For a brief moment last year, it seemed that Europe might reject authoritarian populism and Donald Trump-style nativism. In the months immediately following Trump’s election victory, his unpopularity in Europe seemed to hurt his global allies on the populist right. Marine Le Pen in France, Geert Wilders of the Dutch Freedom Party, and the nativist Vlaams Belang in Belgium all lost elections or fell in the polls.
Trump was so deeply unpopular in Europe that he seemed to damage the reputation of any nationalist comrades across associated with him. When analysts at Five Thirty Eight looked at polls across Europe last summer, they found a statistically significant drop in support for far-right populists following Trump’s victory. “Trump is making Europe liberal again”, Nate Silver, the editor of the website, declared.
A year later, the far-right is surging across Europe. Recent elections in Italy, Hungary, Austria, Poland, the Czech Republic and Slovakia have all been victories for authoritarian, far-right nativists. In Sweden, even the mainstream political parties seem to have read Donald Trump’s victory not as a warning, but as a sign that they ought to adapt to the times and learn from his success. Instead of trying to stave off the xenophobic and anti-democratic currents, they have gradually adopted the worldview and rhetoric of the populist far-right.
For most of this century, the political mainstream in Sweden wanted nothing to do with these ideas. Sweden’s former prime minister, Fredrik Reinfeldt, of the center-right Moderate Party, openly showed his contempt for the Sweden Democrats and said, in 2013, they have “brought hate into Swedish politics.”
This election has been quite different, with most major parties fighting desperately to win back the voters they have lost to the far-right, often by aping their rhetoric and worldview, focusing on crime, law and order, and cultural issues. Campaign ads from the Moderate party, the Social Democrats and the Christian Democrats have focused on banning Muslim calls to prayer, strengthening border controls and “keeping the country safe.”
It is hard to find examples anywhere in the world, where this tactic has worked out for traditional political parties. Cas Mudde, a political scientist at the University of Georgia, has showed that it is risky for mainstream political parties to imitate the rhetoric of the far-right in attempts to win back their voters.
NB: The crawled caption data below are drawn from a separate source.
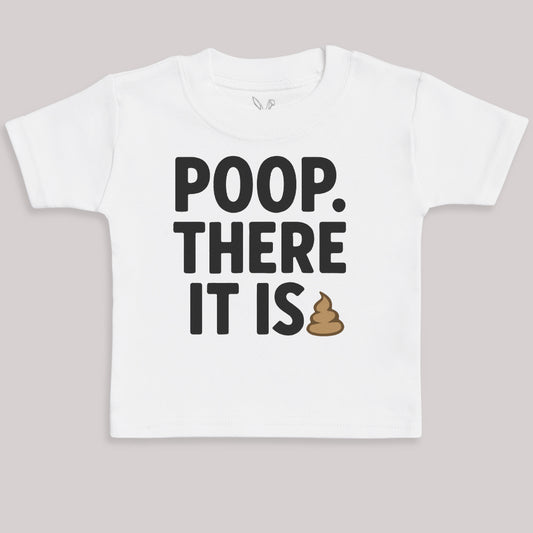 Poop There It Is - Baby Bodysuit (Choice of Style)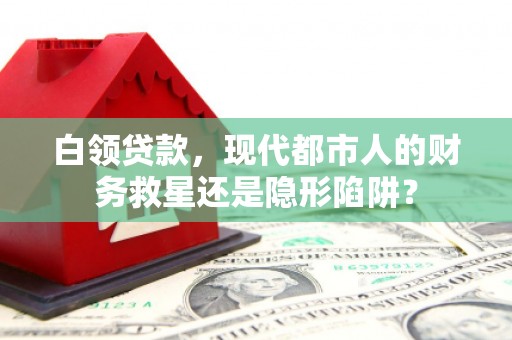 保德白领贷款，现代都市人的财务救星还是隐形陷阱？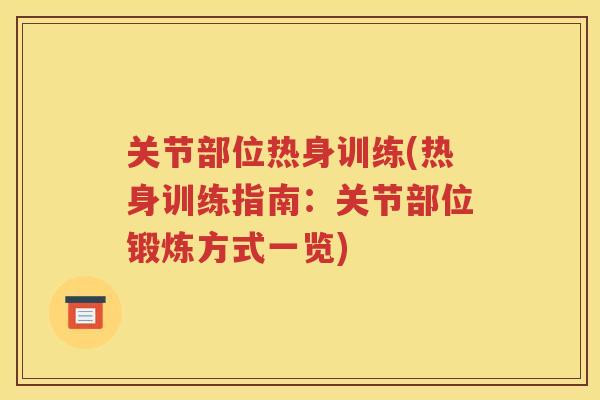 关节部位热身训练(热身训练指南:关节部位锻炼方式一览) 关节部位热身训练(热身训练指南:关节部位锻炼方式一览)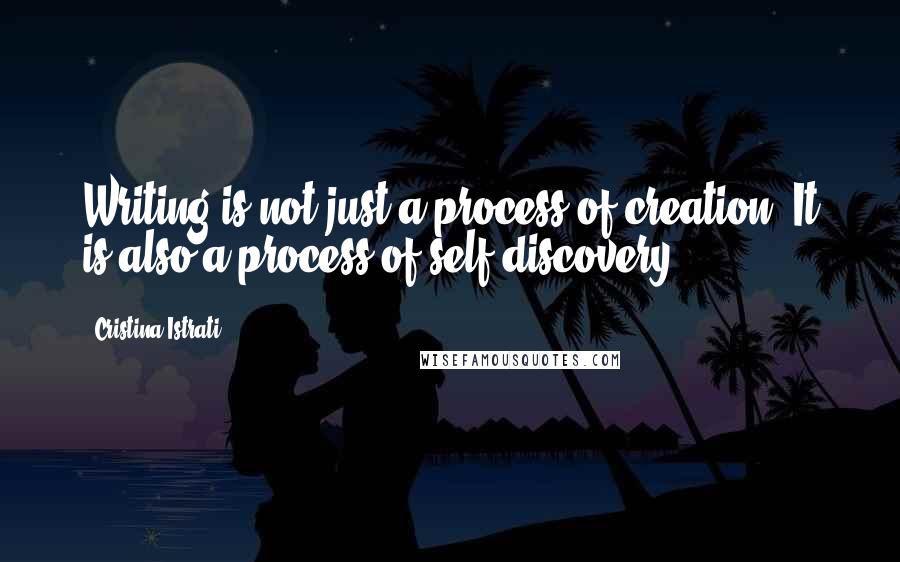 Cristina Istrati Quotes: Writing is not just a process of creation. It is also a process of self-discovery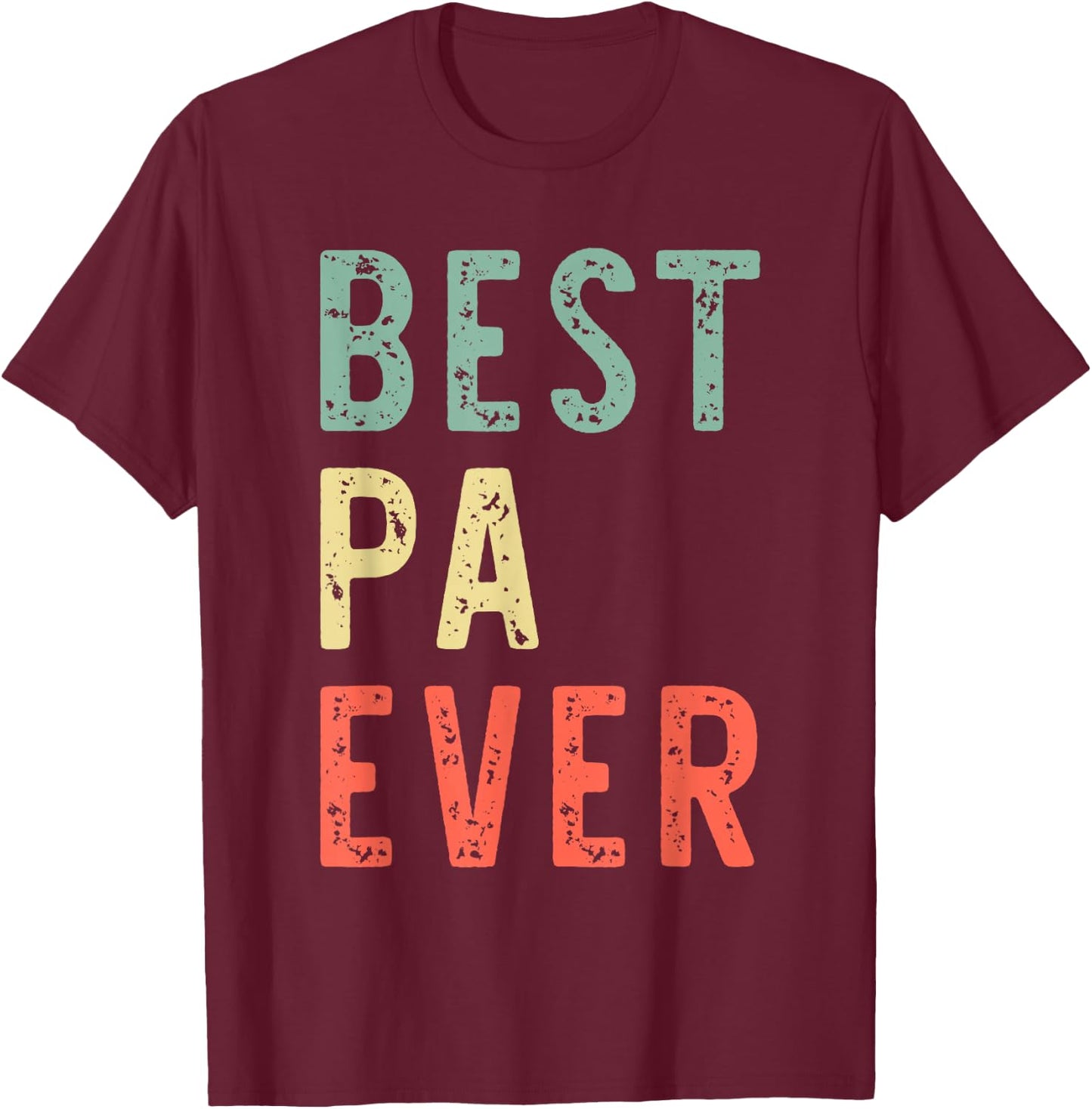 Best Pa Ever Funny Vintage Retro T-Shirt - T-Shirt | Maroon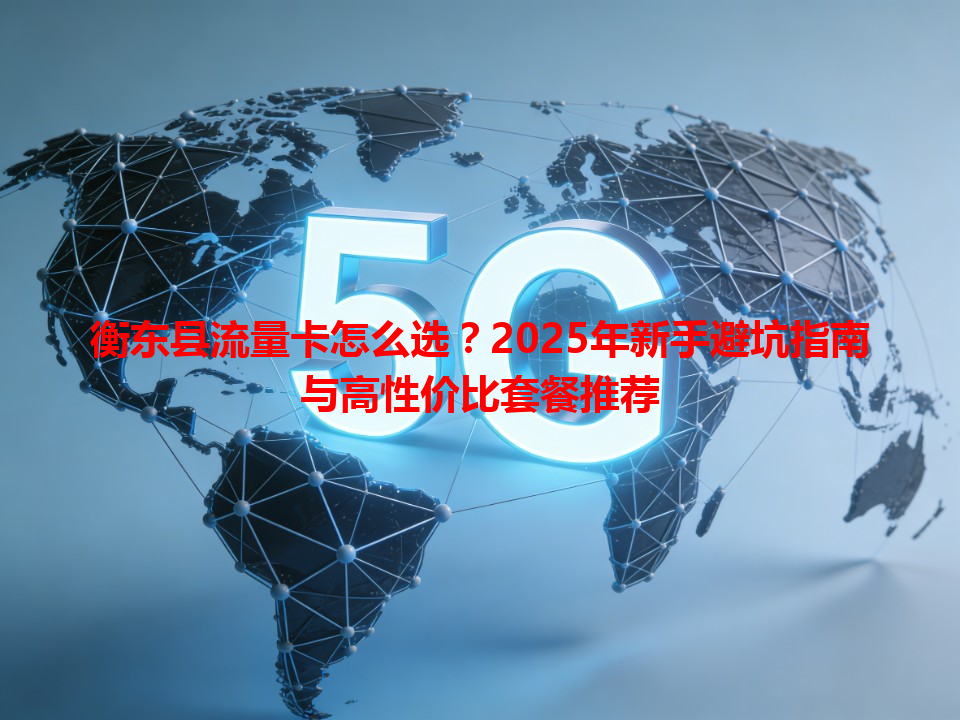 衡东县流量卡怎么选？2025年新手避坑指南与高性价比套餐推荐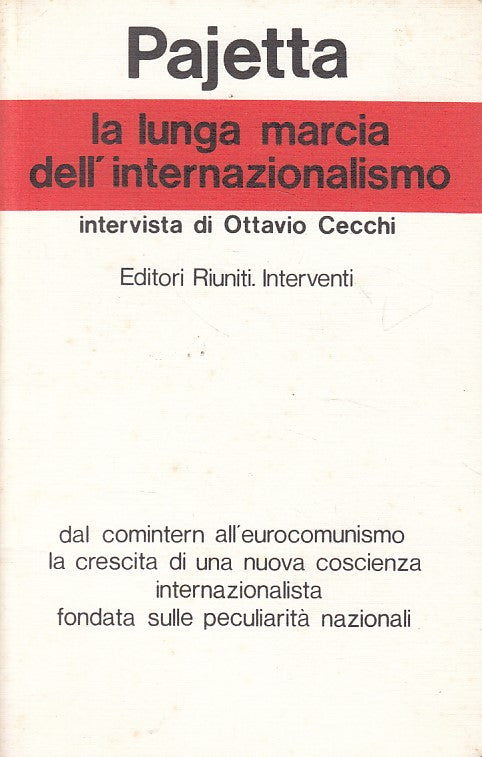 LS- LA LUNGA MARCIA DELL'INTERNAZIONALISMO -- RIUNITI --- 1978 - B - YFS493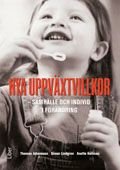 Nya uppväxtvillkor : samhälle och individ i förändring, ISBN: 9789147096879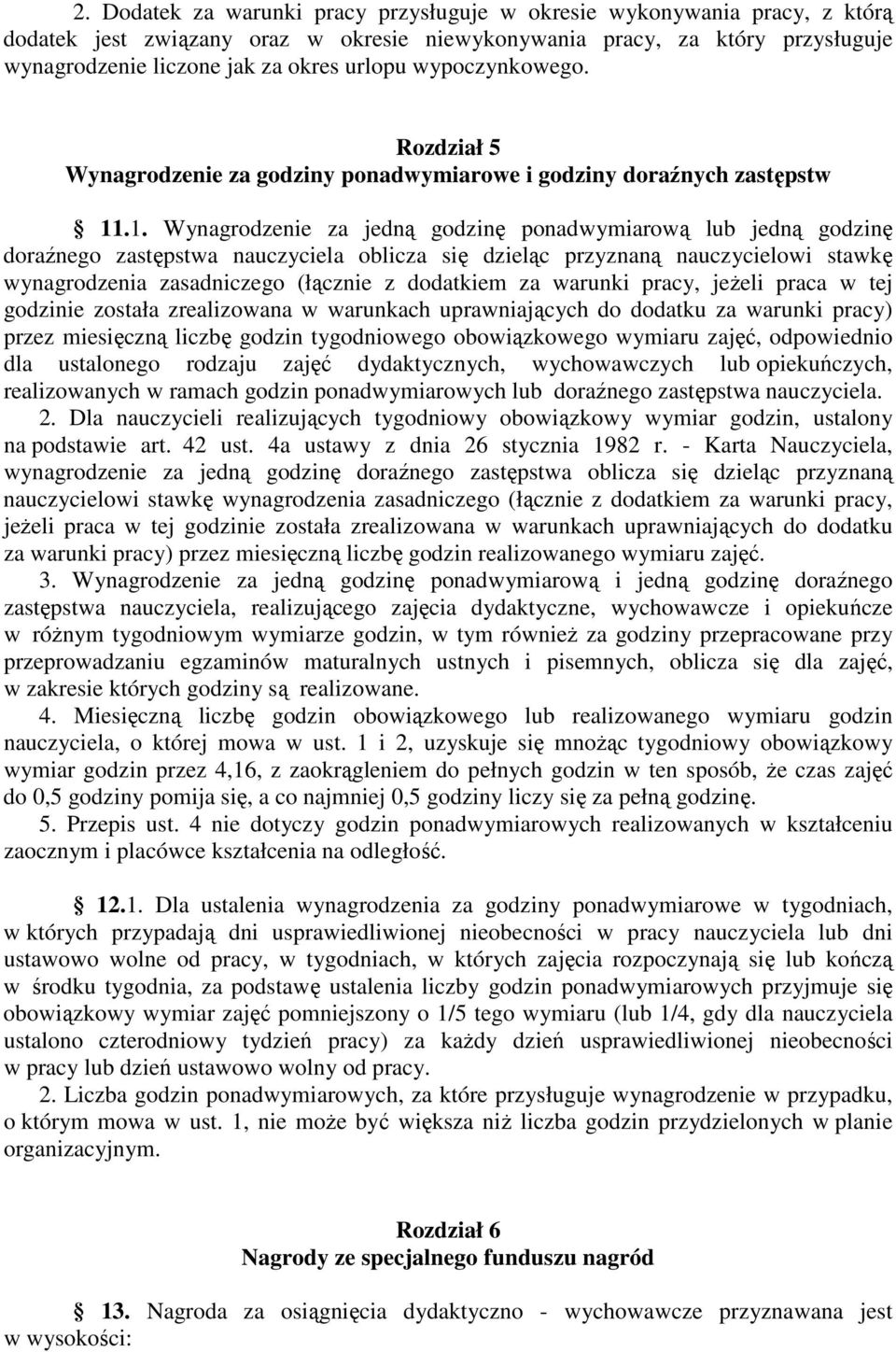 .1. Wynagrodzenie za jedną godzinę ponadwymiarową lub jedną godzinę doraźnego zastępstwa nauczyciela oblicza się dzieląc przyznaną nauczycielowi stawkę wynagrodzenia zasadniczego (łącznie z dodatkiem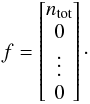 \begin{equation} f = \begin{bmatrix} n_{\mathrm{tot}} \\ 0 \\ \vdots \\ 0 \end{bmatrix}\cdot \end{equation}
When the voters who are susceptible to xenophobic messages are presented with “xenophobia light” they just vote for the original, rather than the watered-down imitation, according to Mudde.
This seems to be happening in Sweden now.
“The political center is collapsing, and polarization is increasing,” says Hubinette. “The far-right is growing but so are the movements opposing them.”
The election might also be a shock to Sweden’s self-image as a welcoming country for immigrants.
“In studies where citizens are asked to share their views on immigration and racial issues, Sweden consistently ranks at the top of the most liberal and tolerant in the world,” says Hubinette. “But at the same time, we are one of the most segregated countries. When you actually look at people’s behavior, where they choose to live, who they spend time with, who they marry and have children with, we are a very segregated society. So we are not that special, but much more similar to other countries. There is a big gap in our perception of ourselves and our real life actions.”
There’s now a grim element of Schadenfreude among Sweden’s Scandinavian neighbors; Denmark, Norway and Finland.
“They have had to put up with being called racist by Swedes for a long time,” says Hubinette. And now Sweden will be the place with a huge party in parliament with Nazi roots.”